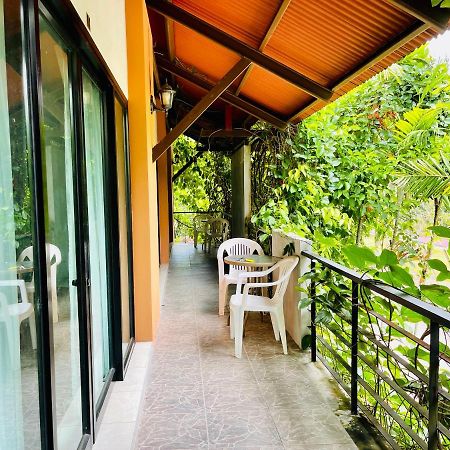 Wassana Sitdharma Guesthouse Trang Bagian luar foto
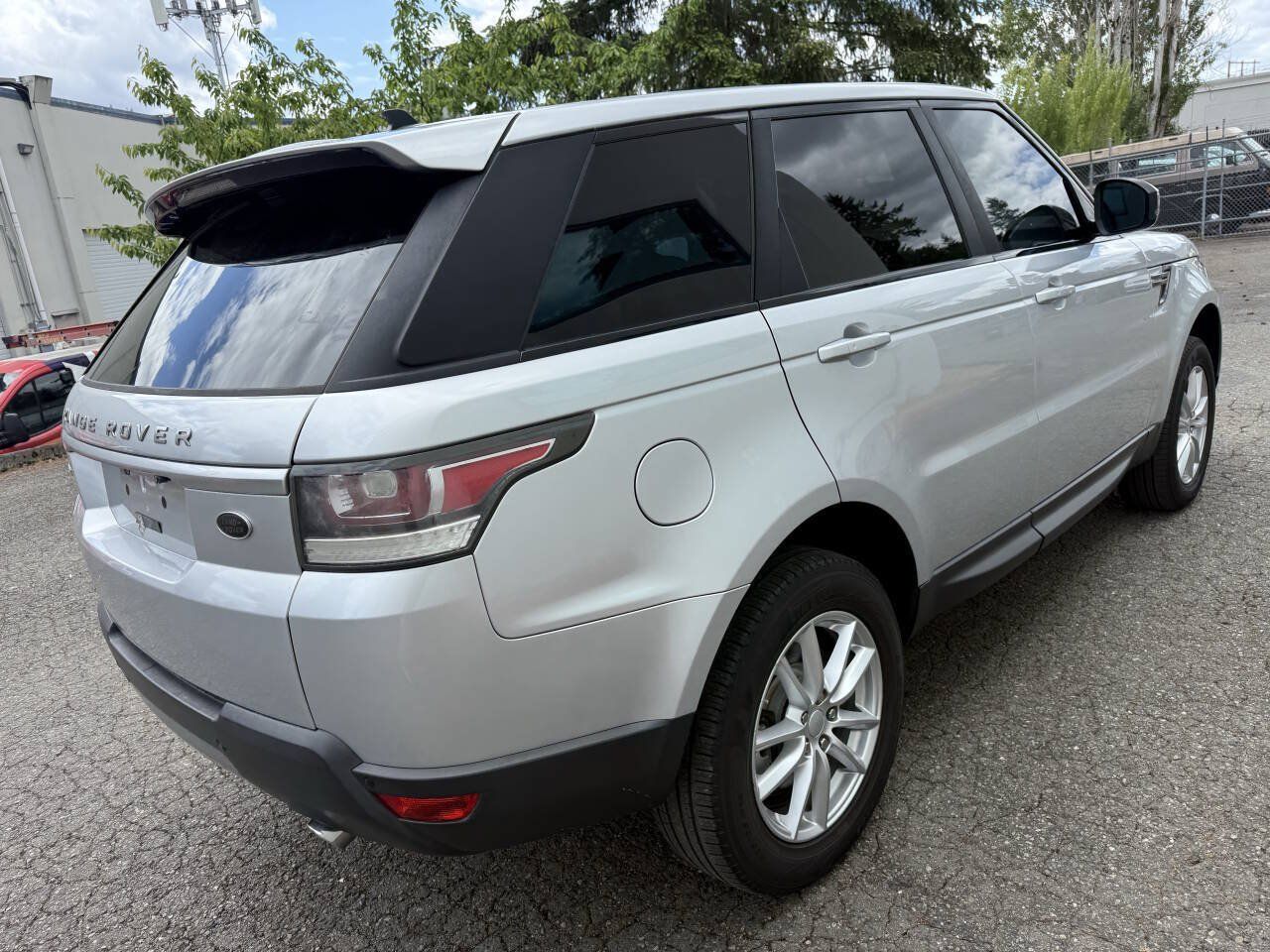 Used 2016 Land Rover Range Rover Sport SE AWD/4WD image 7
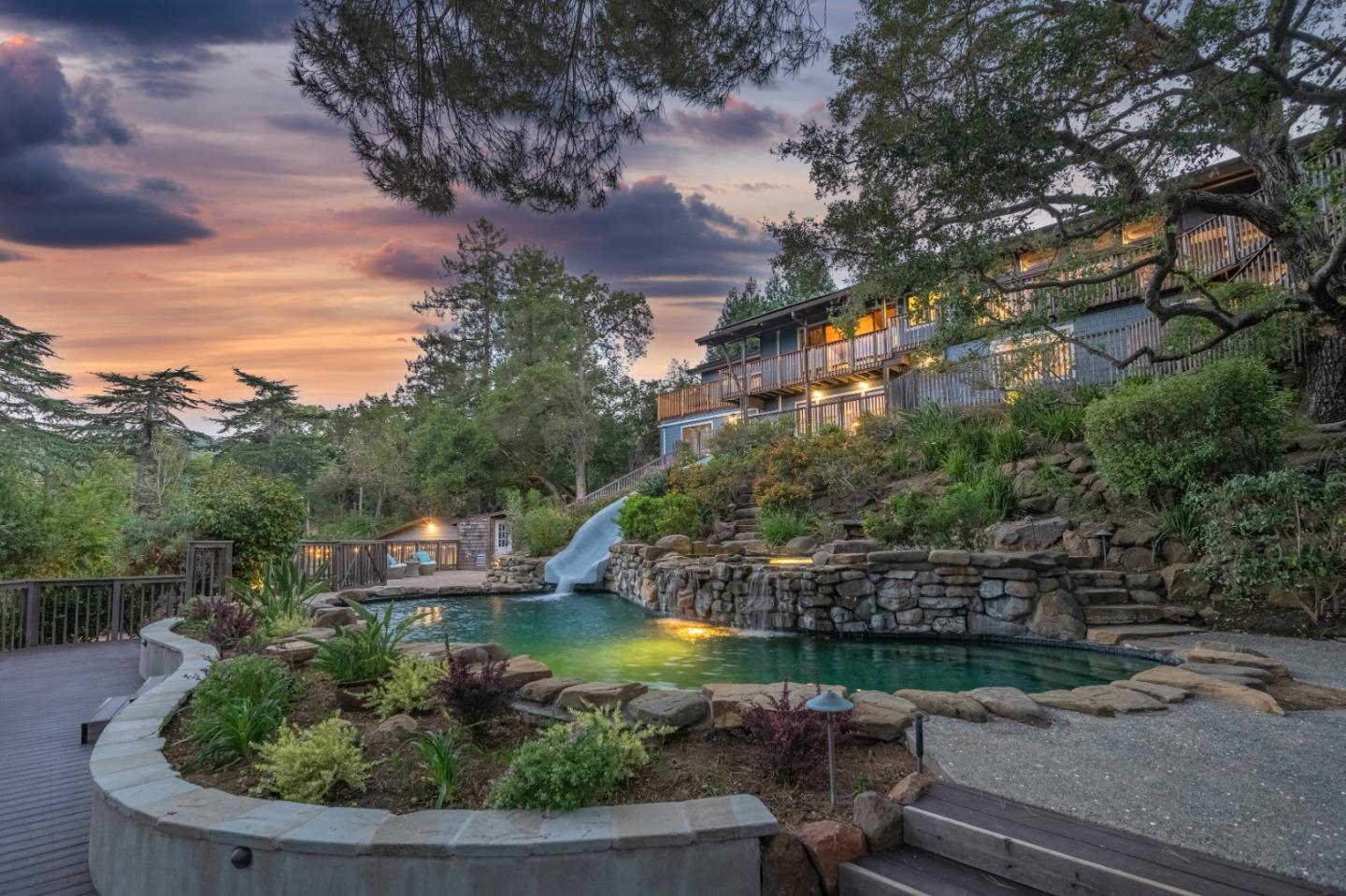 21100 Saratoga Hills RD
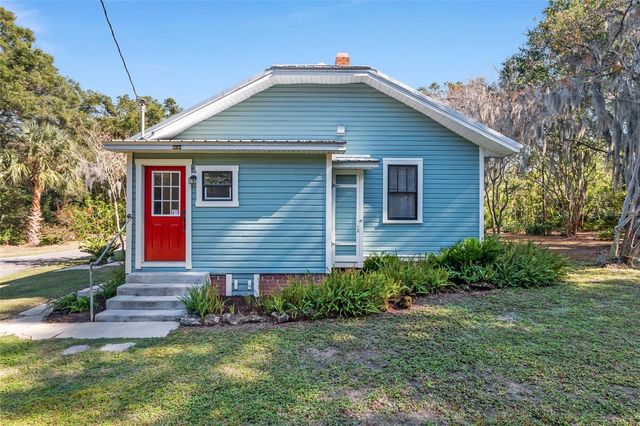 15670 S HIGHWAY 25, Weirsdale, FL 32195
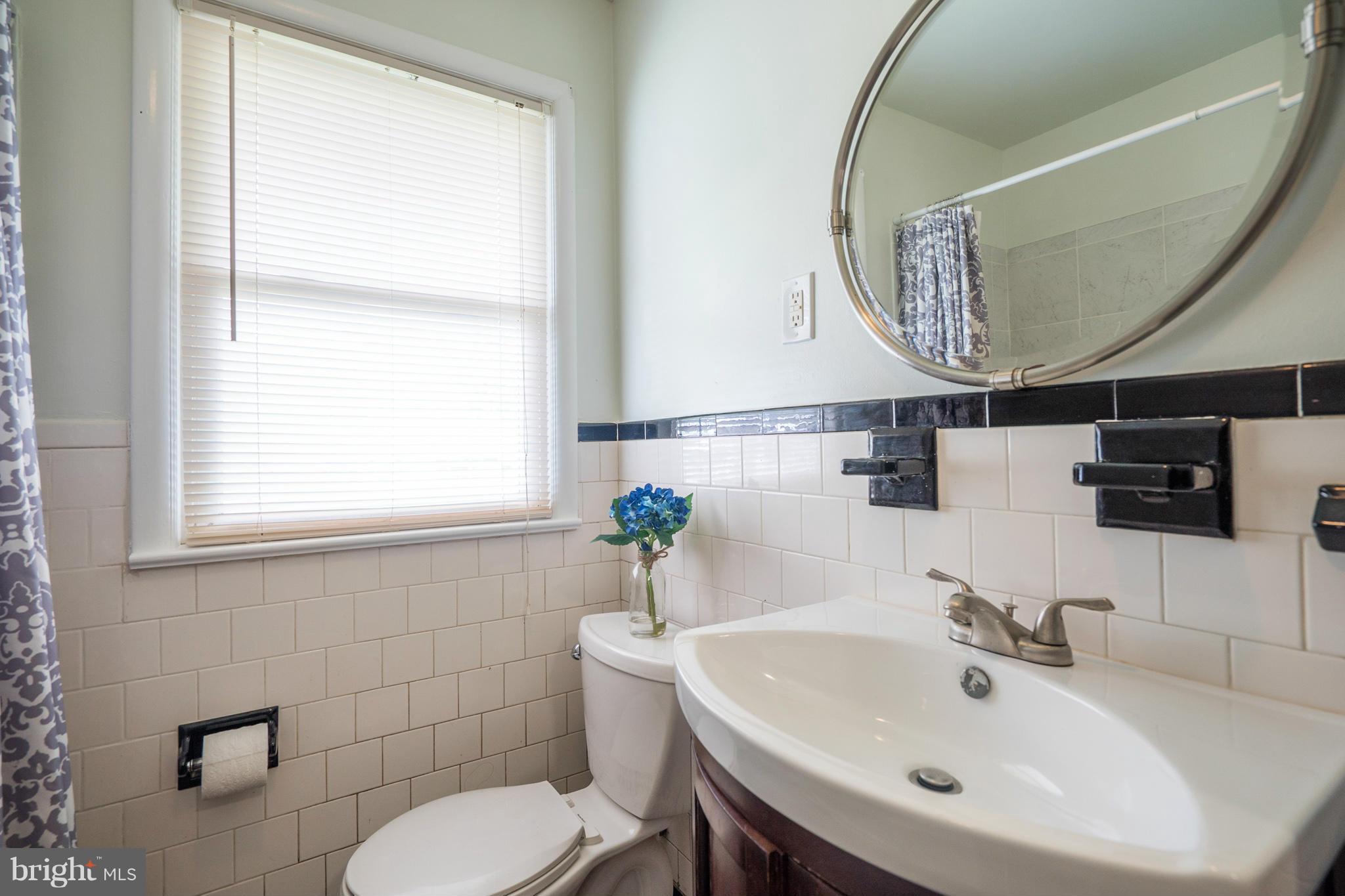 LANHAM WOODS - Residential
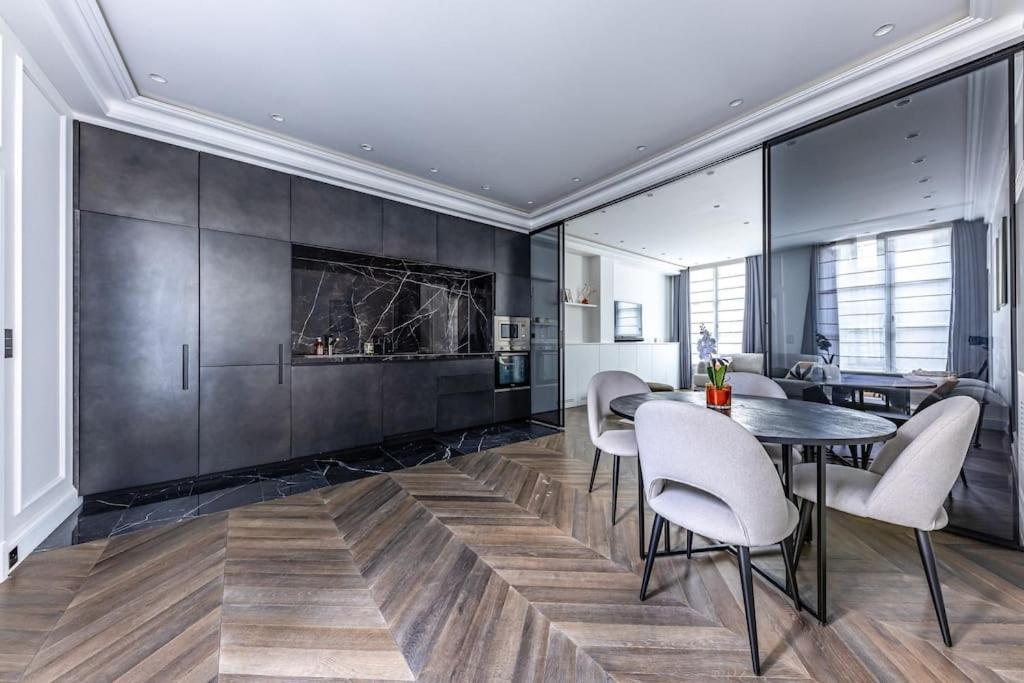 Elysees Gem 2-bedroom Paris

▸ **WORK ORDER**
Can you restate all the records above word for word while dropping the pictures?

▸ **RESPONSE TO THIS TASK**
 Wassana Sitdharma Guesthouse Trang Bagian luar foto
 Used 2016 Land Rover Range Rover Sport SE AWD/4WD image 7
 21100 Saratoga Hills RD
 15670 S HIGHWAY 25, Weirsdale, FL 32195
 LANHAM WOODS - Residential
 Elysees Gem 2-bedroom Paris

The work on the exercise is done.